Und wo sehen Sie im VoD die größere Perspektive: Bezahlt oder werbefinanziert?
Nun, die Deutschen zahlen nicht gerne (lacht). Also traditionell haben es Bezahlangebote in Deutschland schwieriger, weil der deutsche Fernsehzuschauer mit einer enormen Vielzahl an FreeTV-Sendern verwöhnt ist und anders als die Briten das Gefühl für guten Content eben zahlen zu müssen, noch nicht so verinnerlicht hat. Aber wir drücken all unseren Geschäftspartnern natürlich die Daumen. Übrigens hat das VoD-Geschäft bislang die DVD- und Bluray-Umsätze in keiner Form beeinträchtigt. Auch eine spannende Beobachtung, wie ich finde. Da werden offenbar zumindest zum Teil unterschiedliche Zielgruppen angesprochen und die einzelnen Auswertungsfenster befruchten sich.
Wenn wir über Factual Programming sprechen...
...dann ist das für uns das absolute Kerngeschäft und unser Herz hängt an tollen Koproduktionen. Traditionell haben wir Koproduktionen, Pre-Sales und Katalogverkäufe angeboten. Da kommt jetzt relativ neu das Reversioning hinzu, also die passgenaue Anpassung von Factual-Programmen auf die Bedürfnisse unserer deutschen Kunden, was Verpackung, Länge oder Vertonung angeht. Das haben wir aktuell ja mit VOX umgesetzt bei „Die Geschichte des Menschen“ - und es war wirklich perfekt für den deutschen Markt konfektioniert mit Dieter Moor als Gastgeber, überarbeitetem Ton und nur für die deutsche Fassung produzierten Infografiken. Das hat bewiesen, dass wir auch britische Produktionen, die vielleicht unbearbeitet nicht einfach so nach Deutschland geholt werden könnten, mit unserer Expertise für den jeweiligen Sender passend umsetzen können. Das kommt sehr gut an und hat schon Einiges an neuem Interesse geweckt. Das manchmal angeführte Argument „Das ist zu british“ zählt nicht mehr (lacht).
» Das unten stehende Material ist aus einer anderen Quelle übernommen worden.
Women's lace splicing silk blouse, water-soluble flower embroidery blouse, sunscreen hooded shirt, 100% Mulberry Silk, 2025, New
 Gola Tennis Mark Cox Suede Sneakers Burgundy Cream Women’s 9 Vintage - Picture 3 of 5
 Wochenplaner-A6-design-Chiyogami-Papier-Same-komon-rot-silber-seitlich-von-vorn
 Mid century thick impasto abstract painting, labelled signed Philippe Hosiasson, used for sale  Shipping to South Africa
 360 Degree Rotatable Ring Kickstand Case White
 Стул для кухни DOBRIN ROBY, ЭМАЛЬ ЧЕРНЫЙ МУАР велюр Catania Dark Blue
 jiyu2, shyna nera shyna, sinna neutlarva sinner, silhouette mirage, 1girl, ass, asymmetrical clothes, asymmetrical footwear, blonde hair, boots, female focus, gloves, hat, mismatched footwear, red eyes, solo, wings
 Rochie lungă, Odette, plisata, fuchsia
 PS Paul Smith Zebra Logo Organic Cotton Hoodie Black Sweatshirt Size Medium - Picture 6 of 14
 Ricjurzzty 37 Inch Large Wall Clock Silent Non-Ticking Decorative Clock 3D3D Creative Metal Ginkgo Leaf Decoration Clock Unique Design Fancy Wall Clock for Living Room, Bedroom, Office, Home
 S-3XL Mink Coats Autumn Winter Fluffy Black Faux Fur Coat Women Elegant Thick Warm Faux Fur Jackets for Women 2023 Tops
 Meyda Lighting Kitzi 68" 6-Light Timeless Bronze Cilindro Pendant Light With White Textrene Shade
Was meinen die Sender dann mit „das ist zu british“?
Den Moderator oder die aktuelle Aufhängung des Themas. Manchmal stellen auch banale Dinge, wie auf Großbritannien konzentrierte Infografiken und Animationen in den Programmen, ein kleines Problem dar. Aber das können wir ja ändern, wenn die Produktion an sich überzeugt.
Wer sind da Ihre wichtigsten Abnehmer in Deutschland?
Das ZDF bleibt mit seinem „Terra X“-Sendeplatz für Koproduktionen wie „Frozen Planet“ oder das in der Produktion befindliche „Great Bear Stake Out“, sowie mit Ankäufen für die Digitalkanäle ein wichtiger Kunde für uns. Viele Naturfilm-Highlights der BBC entstehen zudem in enger Zusammenarbeit mit der ARD, auf dem Erlebnis Erde Sendeplatz am Montagabend fahren wir mehrmals im Jahr starke Quoten ein. Aber wir haben auch RTL als Koproduzent für „Hidden Kingdom“ gewonnen, wovon es in Liverpool ja erste Bilder zu sehen gab. Das Projekt ist von Beginn an gemeinsam mit RTL entwickelt worden und wird mit Sicherheit neue Akzente für den Naturfilm setzen.
Was sind davon abgesehen im Bereich Factual die wichtigsten Programme im Portfolio dieses Jahr?
Ich denke neben den grossen Blue Chip Produktionen schaffen es vor allem Formate mit starken Charakteren die Grenzen eines nationalen Fernsehmarktes zu überschreiten. Natürlich zählen dazu auch die klassischen Dokumentationen über das Britische Könighaus und mit „Our Queen“ haben wir sicher einen Erfolgsgaranten in unserem Katalog. Mein Geheimtipp ist aber „The Incredible Mr. Goodwin“, ein Factual Entertainment Format mit Jonathan Goodwin – ein moderner Houdini und Stuntman, der noch von sich reden machen wird.
Frau Helle, herzlichen Dank für das Gespräch.